His fifteen year old meth addict brother was taken from treatment for the event of his big brother's funeral. I remember when Amos came into Bully's one day, reappearing after having disappeared for three days and going back to his meth friends. Andrew stormed out front upon hearing his brother was there, "Come!" he exclaimed in quiet fierceness, leading Amos to the back parking lot where he told him what's what. The father figure big brother. One look at that little boy's shattered, tortured eyes now and I can't help but wonder what will become of him. If Andrew, the strong one, couldn't make it...
It just makes me so angry. And sad. It's pathetic. No one saw it coming. Andrew was always pleasant at work. He might share his troubles, but he was able to be oK, positive and interactive. It made you think he could cope, that he was strong enough to make it through, make it out.

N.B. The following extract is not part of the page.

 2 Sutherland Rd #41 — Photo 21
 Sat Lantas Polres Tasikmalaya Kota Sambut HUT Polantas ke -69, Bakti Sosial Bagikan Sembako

The boy wasn't perfect, heavens no the boy had his issues. But he was perfectly Andrew. He wasn't even working for us anymore, he quit a week ago, unexpectedly. So, essentially, he was already out of my life. But it still hits me hard, I still find myself crying at random times. I can't get him off my mind. Maybe he was out of my life, but that doesn't mean I wanted him to be out of life. I wanted to at least know Andrew was carrying on, being Andrew. With his impish grin and hot headedness, his love of country music and his hick love for that truck of his. He was getting out, you know. He was heading off in a couple of weeks to travel the country working on oil rigs. He was so excited about that. About getting away.
Dammit, Andrew! Why couldn't you just hold out another week or two?? You almost made it, kid!
He was only 19. Putting that shot gun to his chin was the last decision he ever made, and it was a bad one. You're supposed to be able to look back at the bad decisions of your youth and say Yeah, that was stupid. Don't follow in my footsteps, what an idiot I was back then. Boy did I get lucky! But he didn't. Andrew didn't get lucky. He doesn't get to look back at his poor decisions and pass on the wisdom he learned through it all. It's all over. That was his last impetuous decision he got to make. It cost everything. Took everything. WHY, Andrew?? You had so much that could have been. You had so much left. He wasn't one of those hopeless cases, you know? He had heart, and soul. He was going to make it, despite it all. He was going to be alright. He'd come out on top.
Except he didn't.
He could have. Despite it all.
But not now.
He was there, laughing in the kitchen. Hanging out on the burlap sacks. Having wet towel fights. Chopping peppers. He was there - living, being. And now he's not. And it's not OK.